| And on the First Day of Child Abuse Prevention Month, This Happened …
Statesman Journal
April 2, 2013
http://community.statesmanjournal.com/blogs/editorialblog/2013/04/02/and-on-the-first-day-of-child-abuse-prevention-month-this-happened
On Monday, the first day of National Child Abuse Prevention Month, a Woodburn priest pleaded guilty and was sent to prison for six-plus years for molesting a boy.
What Angel Armando Perez did was awful. His is the type of story that often makes the news, sometimes with a worse ending. In this case, the 12-year-old boy ran for help when he awoke to find Perez touching him inappropriately.
Many abusers are people like Perez — people in authority, people who would never be suspected, people who choose victims whom they think would stay silent about the abuse.
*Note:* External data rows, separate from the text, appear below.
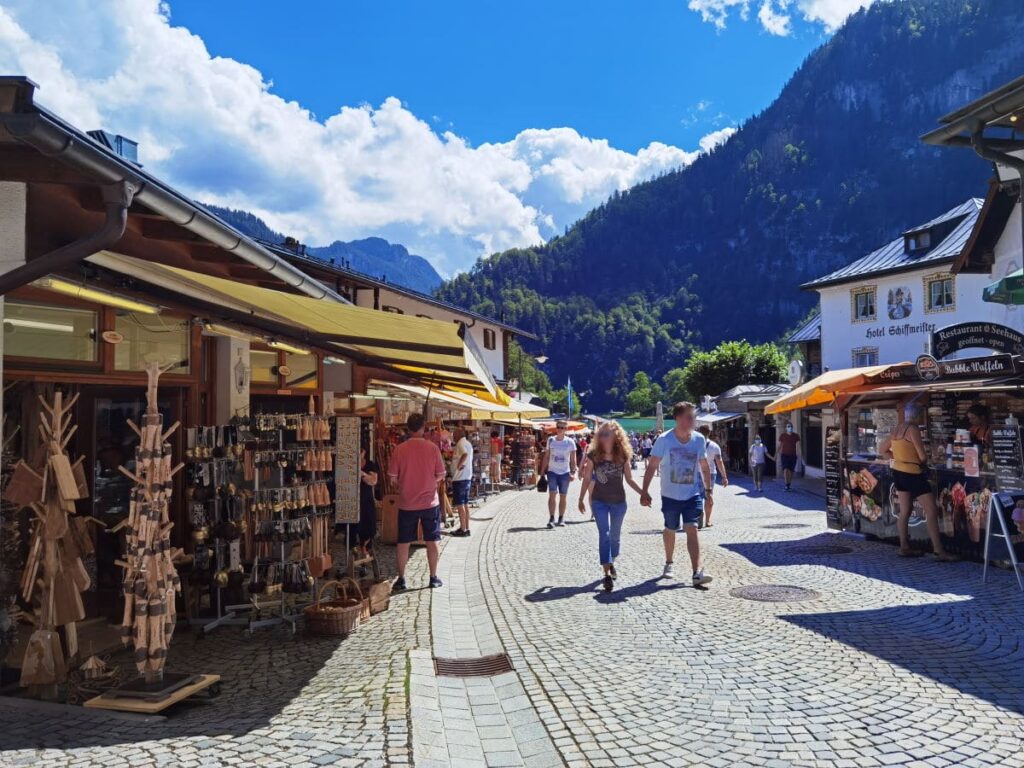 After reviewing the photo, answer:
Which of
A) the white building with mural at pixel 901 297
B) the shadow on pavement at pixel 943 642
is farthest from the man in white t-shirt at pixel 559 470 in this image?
the white building with mural at pixel 901 297

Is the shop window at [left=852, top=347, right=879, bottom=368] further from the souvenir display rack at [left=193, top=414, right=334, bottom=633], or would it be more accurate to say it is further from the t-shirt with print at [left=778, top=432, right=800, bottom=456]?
the souvenir display rack at [left=193, top=414, right=334, bottom=633]

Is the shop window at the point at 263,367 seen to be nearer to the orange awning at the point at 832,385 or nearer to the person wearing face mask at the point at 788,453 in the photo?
the orange awning at the point at 832,385

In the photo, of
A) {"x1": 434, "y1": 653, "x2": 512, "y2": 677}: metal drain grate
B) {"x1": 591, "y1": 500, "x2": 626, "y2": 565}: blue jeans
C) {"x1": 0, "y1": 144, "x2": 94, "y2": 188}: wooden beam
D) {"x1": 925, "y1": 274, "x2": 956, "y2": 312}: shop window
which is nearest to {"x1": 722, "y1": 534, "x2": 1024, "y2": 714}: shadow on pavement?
{"x1": 591, "y1": 500, "x2": 626, "y2": 565}: blue jeans

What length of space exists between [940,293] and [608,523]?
26000 mm

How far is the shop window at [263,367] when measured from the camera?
9.65 meters

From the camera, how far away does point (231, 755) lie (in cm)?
392

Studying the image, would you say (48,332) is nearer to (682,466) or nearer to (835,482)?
(682,466)

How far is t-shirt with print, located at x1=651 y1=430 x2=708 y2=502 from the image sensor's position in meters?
8.56

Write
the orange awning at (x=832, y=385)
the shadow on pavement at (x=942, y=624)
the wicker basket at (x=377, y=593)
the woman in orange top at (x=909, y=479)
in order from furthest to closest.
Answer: the orange awning at (x=832, y=385) → the woman in orange top at (x=909, y=479) → the wicker basket at (x=377, y=593) → the shadow on pavement at (x=942, y=624)

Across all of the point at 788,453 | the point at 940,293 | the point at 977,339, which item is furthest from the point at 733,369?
the point at 977,339

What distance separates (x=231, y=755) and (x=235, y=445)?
3814 mm

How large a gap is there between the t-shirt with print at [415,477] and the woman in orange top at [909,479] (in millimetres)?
5744

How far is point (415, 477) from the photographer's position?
27.2 ft

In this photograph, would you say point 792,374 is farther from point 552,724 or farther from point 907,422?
point 552,724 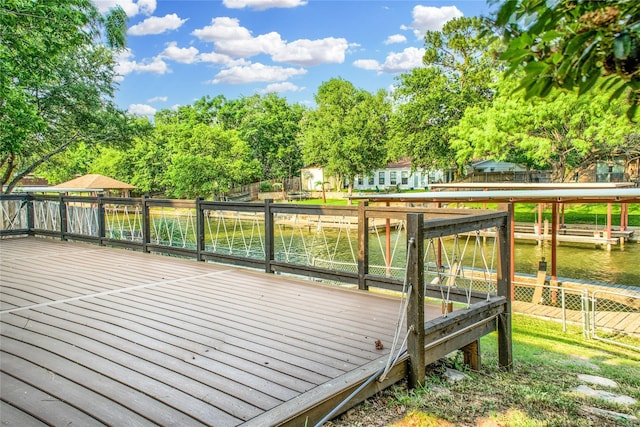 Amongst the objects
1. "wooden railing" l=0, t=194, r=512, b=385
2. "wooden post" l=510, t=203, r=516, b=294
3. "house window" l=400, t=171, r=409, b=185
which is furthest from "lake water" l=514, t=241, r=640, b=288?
"house window" l=400, t=171, r=409, b=185

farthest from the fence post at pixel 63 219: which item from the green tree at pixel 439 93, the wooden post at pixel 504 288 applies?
the green tree at pixel 439 93

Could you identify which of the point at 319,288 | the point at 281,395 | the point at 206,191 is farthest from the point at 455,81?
the point at 281,395

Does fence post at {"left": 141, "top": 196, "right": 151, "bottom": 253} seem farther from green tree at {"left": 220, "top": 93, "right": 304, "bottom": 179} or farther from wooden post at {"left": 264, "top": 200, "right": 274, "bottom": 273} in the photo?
green tree at {"left": 220, "top": 93, "right": 304, "bottom": 179}

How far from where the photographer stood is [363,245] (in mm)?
4551

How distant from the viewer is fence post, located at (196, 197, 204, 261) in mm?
6137

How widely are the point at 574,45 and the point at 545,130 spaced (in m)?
20.7

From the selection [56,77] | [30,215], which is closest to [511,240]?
[30,215]

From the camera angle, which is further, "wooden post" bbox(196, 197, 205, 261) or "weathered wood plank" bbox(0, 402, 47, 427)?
"wooden post" bbox(196, 197, 205, 261)

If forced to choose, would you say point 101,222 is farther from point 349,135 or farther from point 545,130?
point 349,135

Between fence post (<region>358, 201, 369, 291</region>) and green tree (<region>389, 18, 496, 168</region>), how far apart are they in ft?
67.5

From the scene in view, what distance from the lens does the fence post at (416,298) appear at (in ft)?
9.35

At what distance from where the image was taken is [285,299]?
4398mm

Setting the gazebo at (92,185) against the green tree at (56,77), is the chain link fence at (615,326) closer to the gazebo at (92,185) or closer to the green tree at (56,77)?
the green tree at (56,77)

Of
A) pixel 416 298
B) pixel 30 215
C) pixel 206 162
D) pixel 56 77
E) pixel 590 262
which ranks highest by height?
pixel 56 77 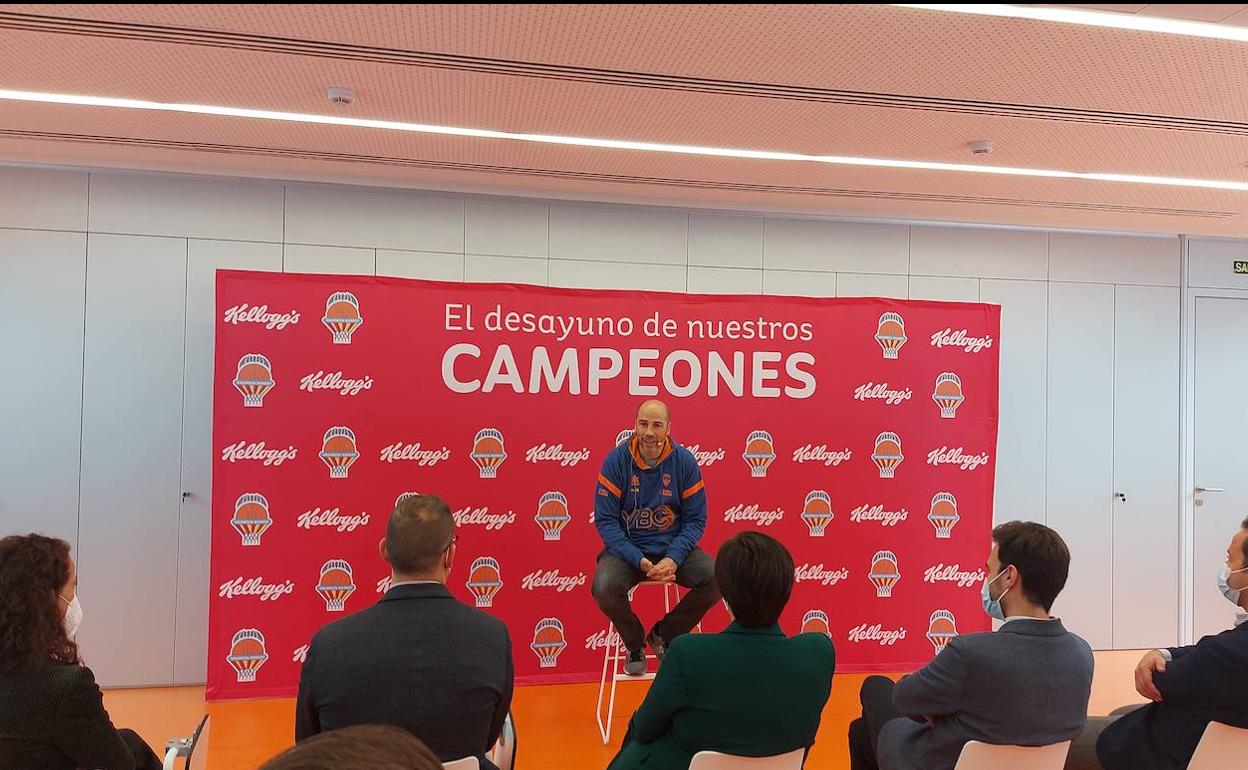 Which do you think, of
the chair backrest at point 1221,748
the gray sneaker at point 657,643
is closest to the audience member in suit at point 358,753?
the chair backrest at point 1221,748

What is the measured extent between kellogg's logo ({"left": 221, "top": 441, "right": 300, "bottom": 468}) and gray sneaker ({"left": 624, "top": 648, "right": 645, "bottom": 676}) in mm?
2036

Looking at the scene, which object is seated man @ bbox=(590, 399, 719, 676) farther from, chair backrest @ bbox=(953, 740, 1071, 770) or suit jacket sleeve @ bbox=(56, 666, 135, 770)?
suit jacket sleeve @ bbox=(56, 666, 135, 770)

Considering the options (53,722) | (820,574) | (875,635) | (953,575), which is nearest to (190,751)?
(53,722)

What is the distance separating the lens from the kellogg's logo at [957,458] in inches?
202

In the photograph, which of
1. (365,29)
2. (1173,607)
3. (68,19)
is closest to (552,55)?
(365,29)

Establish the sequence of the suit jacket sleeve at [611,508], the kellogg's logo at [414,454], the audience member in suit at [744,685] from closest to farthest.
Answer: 1. the audience member in suit at [744,685]
2. the suit jacket sleeve at [611,508]
3. the kellogg's logo at [414,454]

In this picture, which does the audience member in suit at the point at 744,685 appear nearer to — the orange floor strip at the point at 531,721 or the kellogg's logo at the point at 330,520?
the orange floor strip at the point at 531,721

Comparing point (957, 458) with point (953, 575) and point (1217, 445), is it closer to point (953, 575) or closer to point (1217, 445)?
point (953, 575)

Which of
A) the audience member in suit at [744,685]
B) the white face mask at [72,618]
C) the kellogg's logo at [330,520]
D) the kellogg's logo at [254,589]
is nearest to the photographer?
the audience member in suit at [744,685]

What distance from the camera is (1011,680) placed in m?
2.05

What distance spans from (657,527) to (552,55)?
2.15 metres

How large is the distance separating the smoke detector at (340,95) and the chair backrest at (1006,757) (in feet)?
9.78

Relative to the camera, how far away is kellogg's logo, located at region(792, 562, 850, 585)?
4961mm

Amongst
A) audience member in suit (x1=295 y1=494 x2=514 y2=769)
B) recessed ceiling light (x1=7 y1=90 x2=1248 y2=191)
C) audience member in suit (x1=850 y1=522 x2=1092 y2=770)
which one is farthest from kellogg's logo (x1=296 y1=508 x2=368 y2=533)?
audience member in suit (x1=850 y1=522 x2=1092 y2=770) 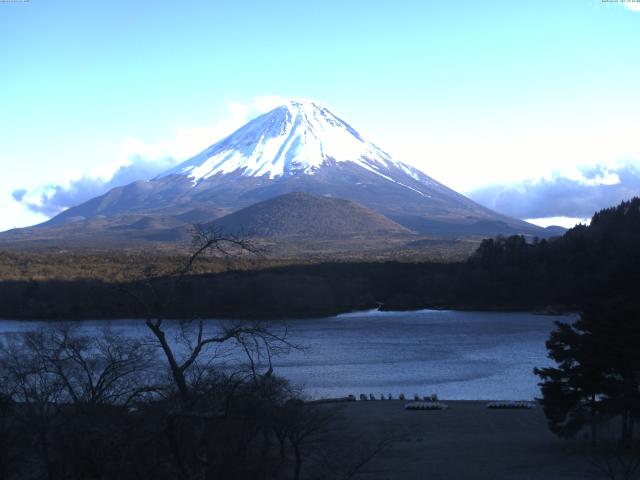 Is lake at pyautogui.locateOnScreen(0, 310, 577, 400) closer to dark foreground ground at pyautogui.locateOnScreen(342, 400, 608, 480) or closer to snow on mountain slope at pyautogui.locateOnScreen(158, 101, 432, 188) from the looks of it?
dark foreground ground at pyautogui.locateOnScreen(342, 400, 608, 480)

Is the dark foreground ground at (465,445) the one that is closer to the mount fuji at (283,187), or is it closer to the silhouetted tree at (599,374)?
the silhouetted tree at (599,374)

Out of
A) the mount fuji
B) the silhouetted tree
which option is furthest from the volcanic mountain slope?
the silhouetted tree

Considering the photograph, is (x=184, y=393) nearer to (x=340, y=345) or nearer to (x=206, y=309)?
(x=340, y=345)

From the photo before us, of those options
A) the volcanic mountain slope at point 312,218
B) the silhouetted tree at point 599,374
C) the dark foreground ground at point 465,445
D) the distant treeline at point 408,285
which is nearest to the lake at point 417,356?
the dark foreground ground at point 465,445

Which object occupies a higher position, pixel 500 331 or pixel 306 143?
pixel 306 143

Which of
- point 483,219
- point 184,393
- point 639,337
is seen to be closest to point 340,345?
point 639,337

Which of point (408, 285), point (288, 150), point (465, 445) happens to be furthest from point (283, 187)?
point (465, 445) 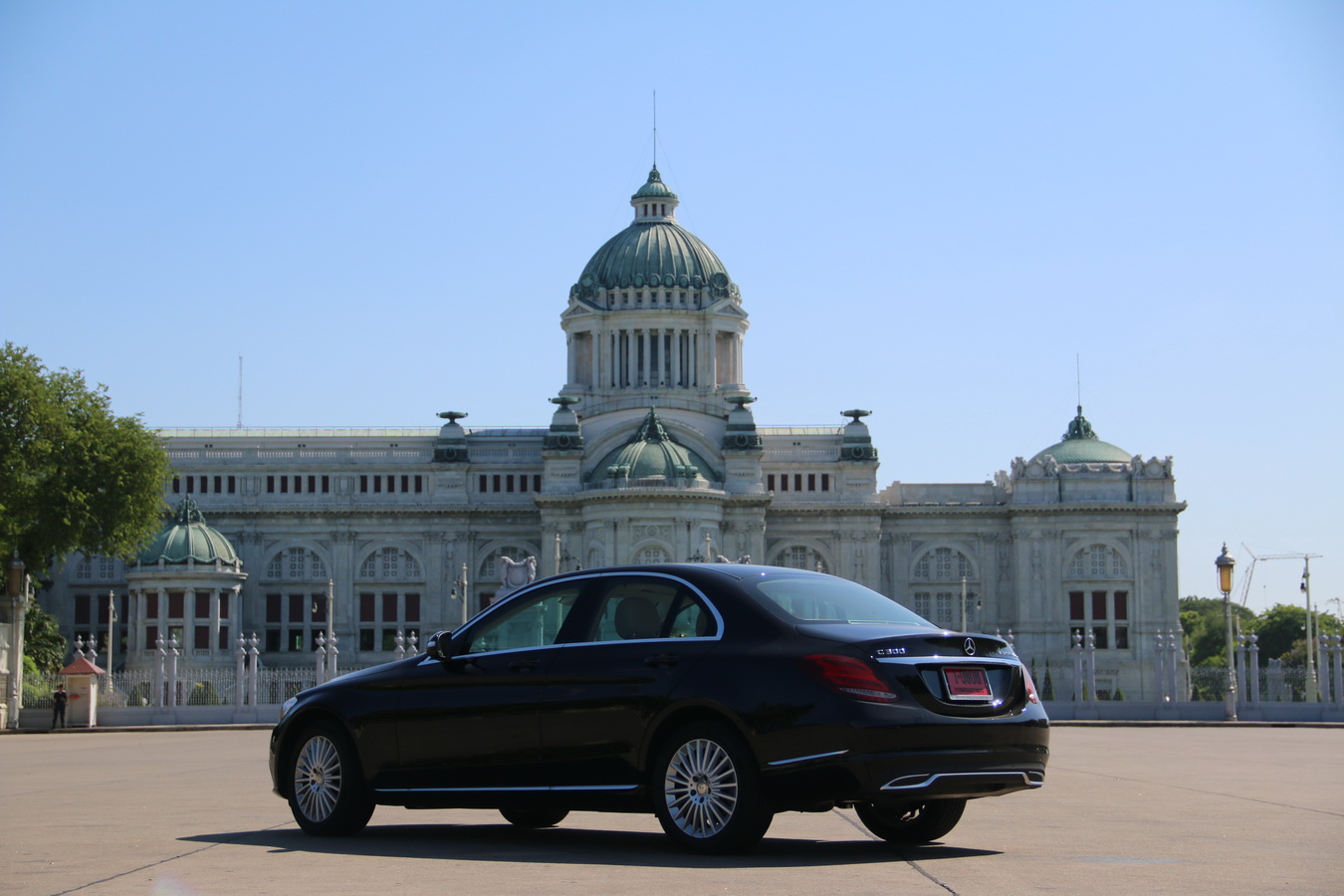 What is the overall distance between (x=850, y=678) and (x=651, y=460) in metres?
81.2

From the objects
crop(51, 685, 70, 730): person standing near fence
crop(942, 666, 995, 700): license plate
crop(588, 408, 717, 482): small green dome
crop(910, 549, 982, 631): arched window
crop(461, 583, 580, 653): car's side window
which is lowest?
crop(51, 685, 70, 730): person standing near fence

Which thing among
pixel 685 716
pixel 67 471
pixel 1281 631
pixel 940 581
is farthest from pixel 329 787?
pixel 1281 631

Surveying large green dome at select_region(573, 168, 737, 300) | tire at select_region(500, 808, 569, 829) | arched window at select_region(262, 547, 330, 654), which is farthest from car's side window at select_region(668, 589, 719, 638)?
large green dome at select_region(573, 168, 737, 300)

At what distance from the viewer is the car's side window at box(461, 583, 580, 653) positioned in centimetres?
1474

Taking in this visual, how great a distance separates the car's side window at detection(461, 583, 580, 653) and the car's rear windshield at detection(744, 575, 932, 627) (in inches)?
67.2

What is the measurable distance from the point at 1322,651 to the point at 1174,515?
39167 millimetres

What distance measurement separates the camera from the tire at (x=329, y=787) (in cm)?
1513

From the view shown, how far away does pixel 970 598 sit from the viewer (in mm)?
102688

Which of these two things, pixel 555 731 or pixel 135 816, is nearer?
pixel 555 731

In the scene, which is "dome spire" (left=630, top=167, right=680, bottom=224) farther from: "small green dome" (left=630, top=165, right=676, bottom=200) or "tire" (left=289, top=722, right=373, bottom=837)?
"tire" (left=289, top=722, right=373, bottom=837)

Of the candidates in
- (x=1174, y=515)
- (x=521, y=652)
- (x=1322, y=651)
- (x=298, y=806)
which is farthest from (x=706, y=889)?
(x=1174, y=515)

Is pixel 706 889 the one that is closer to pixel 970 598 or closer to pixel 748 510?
pixel 748 510

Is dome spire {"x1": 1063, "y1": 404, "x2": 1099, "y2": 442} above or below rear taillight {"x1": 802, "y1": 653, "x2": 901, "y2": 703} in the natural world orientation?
above

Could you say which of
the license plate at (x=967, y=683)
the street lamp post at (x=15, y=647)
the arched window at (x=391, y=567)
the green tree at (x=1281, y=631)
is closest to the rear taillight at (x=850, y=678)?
the license plate at (x=967, y=683) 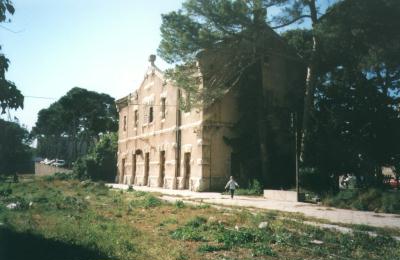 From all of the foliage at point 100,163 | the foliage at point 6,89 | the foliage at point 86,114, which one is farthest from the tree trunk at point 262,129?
the foliage at point 86,114

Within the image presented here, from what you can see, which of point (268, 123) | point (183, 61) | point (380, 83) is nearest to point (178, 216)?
point (183, 61)

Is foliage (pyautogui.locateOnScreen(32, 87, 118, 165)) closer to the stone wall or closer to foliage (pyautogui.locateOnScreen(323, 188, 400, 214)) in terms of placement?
the stone wall

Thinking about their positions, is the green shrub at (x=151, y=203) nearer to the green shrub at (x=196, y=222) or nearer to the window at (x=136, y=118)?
the green shrub at (x=196, y=222)

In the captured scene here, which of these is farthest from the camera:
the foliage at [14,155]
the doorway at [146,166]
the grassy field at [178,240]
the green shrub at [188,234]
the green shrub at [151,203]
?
the foliage at [14,155]

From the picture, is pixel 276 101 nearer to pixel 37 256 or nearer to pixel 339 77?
pixel 339 77

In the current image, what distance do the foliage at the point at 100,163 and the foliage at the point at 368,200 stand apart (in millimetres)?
25646

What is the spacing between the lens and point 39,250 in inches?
263

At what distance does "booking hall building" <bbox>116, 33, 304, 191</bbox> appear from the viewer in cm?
2273

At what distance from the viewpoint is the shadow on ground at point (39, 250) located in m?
6.26

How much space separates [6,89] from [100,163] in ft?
109

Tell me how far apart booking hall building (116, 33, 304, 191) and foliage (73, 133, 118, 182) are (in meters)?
4.07

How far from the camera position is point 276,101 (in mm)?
24719

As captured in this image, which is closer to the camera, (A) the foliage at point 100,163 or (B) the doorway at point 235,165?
(B) the doorway at point 235,165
However, Angel Armando Perez is not the typical or most common child abuser in the Mid-Valley. That is the parent who neglects his or her children, often because the parent is hooked on drugs or alcohol.
No one starts out by wanting to be a bad parent. But if that’s how a person was raised, that type of parenting might be all he or she knows.
Relief nurseries, such as Family Building Blocks, and other intensive programs break that cycle by teaching at-risk parents more-effective, less-stressful ways of dealing with children.
Other classes, such as the well-known Love and Logic, can help almost any parent become better. There is no shame in seeking parenting knowledge and guidance. Despite what society sometimes conveys, raising children is considerably more complex than simply following one’s parenting “instincts.” An irony of modern life is that most people undergo more training for driving a vehicle than for raising a child.
This month, a tree outside the Marion County Courthouse in downtown Salem is decorated with blue ribbons to signify the 11,599 children who were victims of child abuse or neglect in Oregon in 2011.
Fewer ribbons will be needed in future years if we surround people with the support systems to become better parents.
Fewer ribbons will be needed if we get more parents and potential parents into effective substance-abuse treatment.
Fewer ribbons will be needed if we help families learn how to guard against sexual predators, but without living in fear.
Fewer ribbons will be needed if more churches, youth organizations and other institutions adopt reliable, research-based child protection policies.
And, if each of us takes responsibility to promptly report any suspected child abuse or neglect, there will be more stories of children saved from that cycle.